(PresidentialWire.com)- On Wednesday, in an 8-1 decision, the Supreme Court ruled in favor of a Pennsylvania teenager who sued her high school for banning her from the cheerleading squad after she posted a profanity-laced screed on Snapchat. However, the court declined to outright bar public schools from regulating off-campus speech.
The court ruled that Mahanoy Area School District officials violated the First Amendment free speech rights of Brandi Levy, who was 14 at the time of the incident.
The decision, authored by liberal Justice Stephen Breyer, preserved the authority of public schools to regulate speech of students “in some off-campus circumstances.”
In giving examples of what those circumstances may include, Breyer cited severe bullying or harassment, threats directed at teachers or other students, and rule-breaking.

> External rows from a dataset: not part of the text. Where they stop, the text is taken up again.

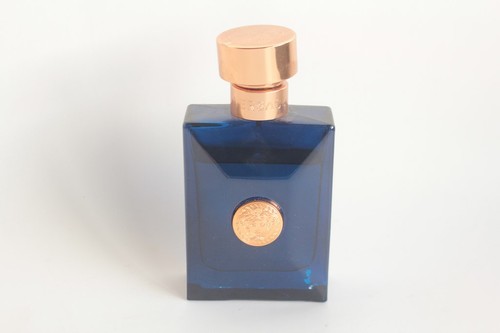 Eau toilette dylan blue - toilette,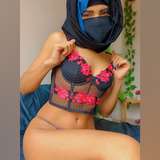 halima.saleh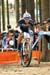 Nove Mesto Na Morave World Cup
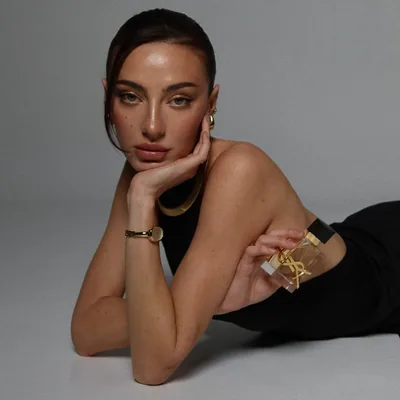 @bryunetka.ann profile image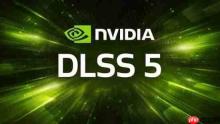 追平N卡!DLSS四大技术成功移植A卡 核心功能一个不差
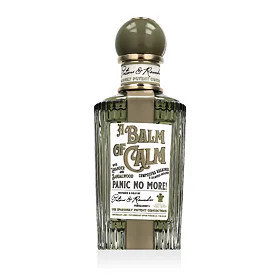 Penhaligon's Potion Remedies A Balm Of Calm EDP 100 ml U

At the same time, Breyer made it clear that schools have less power to regulate off-campus speech than they would on-campus speech, adding schools “will have a heavy burden to justify” off-campus intervention.

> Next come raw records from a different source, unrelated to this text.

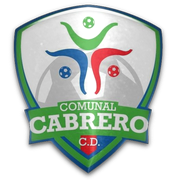 https://img.833zhiboq.com.cn/img/football/team/9240414f14173686fd34b1e7419a0a28.png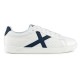маратонки,мъжки,маратонки,дамски,маратонки,munich,open,14,trainers,white,(white)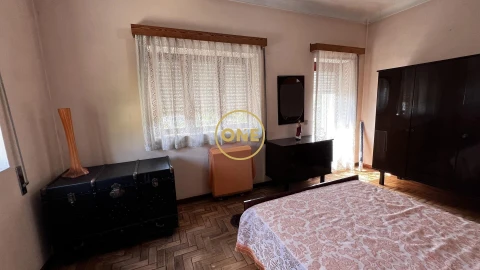 Moradia T3 para Venda em Joane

Justice Clarence Thomas, the only dissenting vote on the case, wrote in his dissent that schools “historically could discipline students in circumstances like those presented here.” Thomas believes the court’s decision will leave lower courts “at a loss” in how to apply the ruling.
The now-18-year-old Levy praised the court for agreeing with her that her school went too far.
Explaining that, at the time, she was “frustrated” and only “expressed my frustration the way teenagers do today.”
Levy, a member of the junior varsity cheer squad at the time of the incident, had tried out for the varsity team and was unsuccessful. In response, she posted a photo to Snapchat of her and a friend flipping the bird that included an an F-word-laden caption.
In response to Levy’s post, the school kicked her off the cheerleading squad for a year.
Levy’s case was represented by the American Civil Liberties Union. The Biden Justice Department supported the school district, arguing that, while off-campus student speech deserves broad protections, speech that threatens the school community or targets specific individuals, groups or school functions should not be protected.